*EXERCISE GOAL*. Your job is to report every line of the entries that has "High".

*STUDY MATERIAL*.
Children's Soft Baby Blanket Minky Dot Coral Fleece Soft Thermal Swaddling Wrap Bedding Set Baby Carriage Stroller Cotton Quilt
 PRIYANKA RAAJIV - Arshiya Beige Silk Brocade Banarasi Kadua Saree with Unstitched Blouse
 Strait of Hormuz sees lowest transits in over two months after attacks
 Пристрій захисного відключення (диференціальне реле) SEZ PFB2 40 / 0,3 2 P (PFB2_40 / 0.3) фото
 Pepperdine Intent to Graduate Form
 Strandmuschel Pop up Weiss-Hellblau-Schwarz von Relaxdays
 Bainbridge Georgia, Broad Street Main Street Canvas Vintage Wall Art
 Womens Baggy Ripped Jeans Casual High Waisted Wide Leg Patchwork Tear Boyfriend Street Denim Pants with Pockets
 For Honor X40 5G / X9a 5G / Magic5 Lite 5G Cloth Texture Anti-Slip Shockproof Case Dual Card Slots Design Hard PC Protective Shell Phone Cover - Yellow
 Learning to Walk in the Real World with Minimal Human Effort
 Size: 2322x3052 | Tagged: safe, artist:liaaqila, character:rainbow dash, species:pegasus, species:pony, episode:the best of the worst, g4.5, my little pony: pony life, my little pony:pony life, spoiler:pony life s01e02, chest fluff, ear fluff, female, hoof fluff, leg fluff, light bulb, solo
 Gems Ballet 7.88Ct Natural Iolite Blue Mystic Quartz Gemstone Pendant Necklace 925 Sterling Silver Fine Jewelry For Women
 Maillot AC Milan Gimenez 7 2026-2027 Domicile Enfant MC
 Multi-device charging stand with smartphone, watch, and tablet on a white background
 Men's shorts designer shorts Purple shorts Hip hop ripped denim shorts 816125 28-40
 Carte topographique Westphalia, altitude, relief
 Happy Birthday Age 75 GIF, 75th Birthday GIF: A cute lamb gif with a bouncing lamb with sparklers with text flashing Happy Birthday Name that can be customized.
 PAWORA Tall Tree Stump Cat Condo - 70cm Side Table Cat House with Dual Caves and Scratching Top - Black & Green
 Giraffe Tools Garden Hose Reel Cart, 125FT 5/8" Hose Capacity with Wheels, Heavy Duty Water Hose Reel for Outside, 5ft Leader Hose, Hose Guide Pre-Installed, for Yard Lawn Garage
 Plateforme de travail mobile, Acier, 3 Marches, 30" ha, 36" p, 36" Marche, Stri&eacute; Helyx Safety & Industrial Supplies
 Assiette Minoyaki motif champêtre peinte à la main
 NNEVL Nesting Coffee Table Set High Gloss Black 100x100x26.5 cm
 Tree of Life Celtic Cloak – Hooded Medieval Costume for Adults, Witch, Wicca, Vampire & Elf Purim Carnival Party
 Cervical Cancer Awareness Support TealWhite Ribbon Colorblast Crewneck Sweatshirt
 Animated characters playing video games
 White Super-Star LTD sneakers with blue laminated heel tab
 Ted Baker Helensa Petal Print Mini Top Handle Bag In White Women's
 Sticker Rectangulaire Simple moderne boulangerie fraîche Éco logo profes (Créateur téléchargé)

*EXERCISE OUTPUT*.
 Womens Baggy Ripped Jeans Casual High Waisted Wide Leg Patchwork Tear Boyfriend Street Denim Pants with Pockets
 NNEVL Nesting Coffee Table Set High Gloss Black 100x100x26.5 cm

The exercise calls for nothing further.